-- What the task asks --
Where "colorido" appears in a line of the entries below, that line should be copied.

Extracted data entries
----

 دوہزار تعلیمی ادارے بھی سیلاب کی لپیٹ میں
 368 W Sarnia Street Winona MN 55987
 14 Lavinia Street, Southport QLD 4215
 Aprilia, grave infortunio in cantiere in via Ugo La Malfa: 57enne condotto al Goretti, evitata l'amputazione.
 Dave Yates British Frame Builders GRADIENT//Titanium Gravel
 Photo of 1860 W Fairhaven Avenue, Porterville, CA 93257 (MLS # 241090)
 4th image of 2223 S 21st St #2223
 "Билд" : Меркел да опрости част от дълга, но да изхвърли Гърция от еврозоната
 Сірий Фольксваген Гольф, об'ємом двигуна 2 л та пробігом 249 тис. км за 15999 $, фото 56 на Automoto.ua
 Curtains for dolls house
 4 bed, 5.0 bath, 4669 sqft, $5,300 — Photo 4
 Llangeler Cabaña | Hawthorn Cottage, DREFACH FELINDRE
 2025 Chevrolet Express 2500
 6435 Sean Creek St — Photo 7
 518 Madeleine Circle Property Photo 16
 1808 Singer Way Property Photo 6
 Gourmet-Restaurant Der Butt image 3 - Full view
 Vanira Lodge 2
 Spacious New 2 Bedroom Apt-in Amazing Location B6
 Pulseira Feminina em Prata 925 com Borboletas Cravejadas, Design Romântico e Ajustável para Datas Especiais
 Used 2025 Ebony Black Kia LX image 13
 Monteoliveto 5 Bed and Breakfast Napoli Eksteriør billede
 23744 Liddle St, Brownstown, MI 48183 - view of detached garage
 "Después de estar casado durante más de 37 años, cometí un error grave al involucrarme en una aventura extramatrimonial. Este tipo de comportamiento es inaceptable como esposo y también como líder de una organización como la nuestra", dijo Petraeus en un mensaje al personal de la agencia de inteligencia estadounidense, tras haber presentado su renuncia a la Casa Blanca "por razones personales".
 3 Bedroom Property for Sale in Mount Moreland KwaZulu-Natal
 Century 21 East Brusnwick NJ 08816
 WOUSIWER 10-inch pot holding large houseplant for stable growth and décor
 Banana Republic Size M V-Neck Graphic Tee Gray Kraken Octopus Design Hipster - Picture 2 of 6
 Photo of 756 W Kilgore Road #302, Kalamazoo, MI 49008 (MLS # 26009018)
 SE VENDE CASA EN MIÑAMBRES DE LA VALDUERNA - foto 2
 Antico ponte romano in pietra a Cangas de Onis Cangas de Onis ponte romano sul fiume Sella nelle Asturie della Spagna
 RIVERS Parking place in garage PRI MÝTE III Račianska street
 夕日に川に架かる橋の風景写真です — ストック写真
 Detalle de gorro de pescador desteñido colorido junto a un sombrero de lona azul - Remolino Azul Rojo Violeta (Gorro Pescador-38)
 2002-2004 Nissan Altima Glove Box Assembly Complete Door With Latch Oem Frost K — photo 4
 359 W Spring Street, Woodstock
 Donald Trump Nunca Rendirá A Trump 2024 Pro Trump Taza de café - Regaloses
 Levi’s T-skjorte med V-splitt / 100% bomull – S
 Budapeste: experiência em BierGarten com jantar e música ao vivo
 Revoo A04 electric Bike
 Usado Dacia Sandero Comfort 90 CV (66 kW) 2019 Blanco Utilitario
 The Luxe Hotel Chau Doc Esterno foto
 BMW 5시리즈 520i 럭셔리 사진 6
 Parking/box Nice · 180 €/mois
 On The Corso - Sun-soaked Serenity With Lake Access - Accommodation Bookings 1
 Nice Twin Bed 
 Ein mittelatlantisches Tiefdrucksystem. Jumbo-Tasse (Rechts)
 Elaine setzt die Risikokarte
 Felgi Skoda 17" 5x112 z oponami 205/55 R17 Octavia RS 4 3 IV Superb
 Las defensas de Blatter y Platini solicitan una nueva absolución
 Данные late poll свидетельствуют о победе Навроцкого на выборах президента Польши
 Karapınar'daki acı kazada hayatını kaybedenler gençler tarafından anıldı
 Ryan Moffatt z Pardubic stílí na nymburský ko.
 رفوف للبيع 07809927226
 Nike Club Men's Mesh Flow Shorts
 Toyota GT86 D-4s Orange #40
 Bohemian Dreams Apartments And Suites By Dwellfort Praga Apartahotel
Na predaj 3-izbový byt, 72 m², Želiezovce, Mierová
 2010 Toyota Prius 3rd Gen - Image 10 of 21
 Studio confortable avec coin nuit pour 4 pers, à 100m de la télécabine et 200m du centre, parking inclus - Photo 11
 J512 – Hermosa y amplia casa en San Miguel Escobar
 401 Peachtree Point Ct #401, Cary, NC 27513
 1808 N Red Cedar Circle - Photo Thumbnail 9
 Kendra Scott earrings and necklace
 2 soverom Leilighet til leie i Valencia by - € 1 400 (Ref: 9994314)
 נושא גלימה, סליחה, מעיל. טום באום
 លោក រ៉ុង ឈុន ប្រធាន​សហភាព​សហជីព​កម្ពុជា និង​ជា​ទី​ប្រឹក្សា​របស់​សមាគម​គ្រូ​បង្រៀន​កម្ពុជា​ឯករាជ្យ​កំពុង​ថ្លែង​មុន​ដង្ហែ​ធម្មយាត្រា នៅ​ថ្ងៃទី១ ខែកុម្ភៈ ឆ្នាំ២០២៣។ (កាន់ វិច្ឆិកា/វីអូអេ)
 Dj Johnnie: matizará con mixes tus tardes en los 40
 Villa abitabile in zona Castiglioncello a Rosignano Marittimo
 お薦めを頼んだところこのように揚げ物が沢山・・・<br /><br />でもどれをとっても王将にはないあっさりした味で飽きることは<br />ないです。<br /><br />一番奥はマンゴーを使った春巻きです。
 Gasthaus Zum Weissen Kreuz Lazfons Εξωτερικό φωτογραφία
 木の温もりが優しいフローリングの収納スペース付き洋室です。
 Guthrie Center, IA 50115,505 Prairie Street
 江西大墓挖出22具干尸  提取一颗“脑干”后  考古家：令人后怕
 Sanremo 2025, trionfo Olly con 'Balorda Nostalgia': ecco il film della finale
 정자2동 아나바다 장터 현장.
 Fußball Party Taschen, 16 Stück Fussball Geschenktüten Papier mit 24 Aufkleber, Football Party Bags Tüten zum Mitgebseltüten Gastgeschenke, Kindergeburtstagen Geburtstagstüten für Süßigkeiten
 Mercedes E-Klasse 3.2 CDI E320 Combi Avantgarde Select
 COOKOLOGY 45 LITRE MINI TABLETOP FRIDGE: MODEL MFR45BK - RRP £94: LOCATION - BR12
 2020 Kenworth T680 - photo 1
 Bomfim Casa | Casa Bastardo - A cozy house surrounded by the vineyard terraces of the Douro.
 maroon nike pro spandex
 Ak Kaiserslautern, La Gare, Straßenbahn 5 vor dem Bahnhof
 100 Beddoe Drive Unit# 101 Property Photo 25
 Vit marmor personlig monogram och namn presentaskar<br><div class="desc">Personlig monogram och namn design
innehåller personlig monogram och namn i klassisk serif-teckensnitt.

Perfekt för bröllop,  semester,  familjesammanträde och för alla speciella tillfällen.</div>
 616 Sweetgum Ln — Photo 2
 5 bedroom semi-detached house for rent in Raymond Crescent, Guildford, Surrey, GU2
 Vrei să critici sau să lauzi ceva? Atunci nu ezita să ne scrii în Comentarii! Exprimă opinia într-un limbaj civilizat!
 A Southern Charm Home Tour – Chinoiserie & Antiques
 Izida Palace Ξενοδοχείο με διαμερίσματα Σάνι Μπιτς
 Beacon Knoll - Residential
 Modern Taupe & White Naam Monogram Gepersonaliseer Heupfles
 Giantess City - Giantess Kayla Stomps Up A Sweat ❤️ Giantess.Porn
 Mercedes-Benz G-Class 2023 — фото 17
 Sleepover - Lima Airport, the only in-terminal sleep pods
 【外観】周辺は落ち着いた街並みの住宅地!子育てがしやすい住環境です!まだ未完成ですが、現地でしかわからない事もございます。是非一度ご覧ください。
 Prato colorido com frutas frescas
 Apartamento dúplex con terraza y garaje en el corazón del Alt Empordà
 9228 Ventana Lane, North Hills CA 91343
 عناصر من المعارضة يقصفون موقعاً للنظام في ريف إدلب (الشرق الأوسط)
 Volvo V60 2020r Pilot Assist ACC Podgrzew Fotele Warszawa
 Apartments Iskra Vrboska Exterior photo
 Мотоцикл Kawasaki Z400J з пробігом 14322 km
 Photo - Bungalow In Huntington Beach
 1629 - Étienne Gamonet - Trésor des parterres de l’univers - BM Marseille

----

-- Answer section --
 Detalle de gorro de pescador desteñido colorido junto a un sombrero de lona azul - Remolino Azul Rojo Violeta (Gorro Pescador-38)
 Prato colorido com frutas frescas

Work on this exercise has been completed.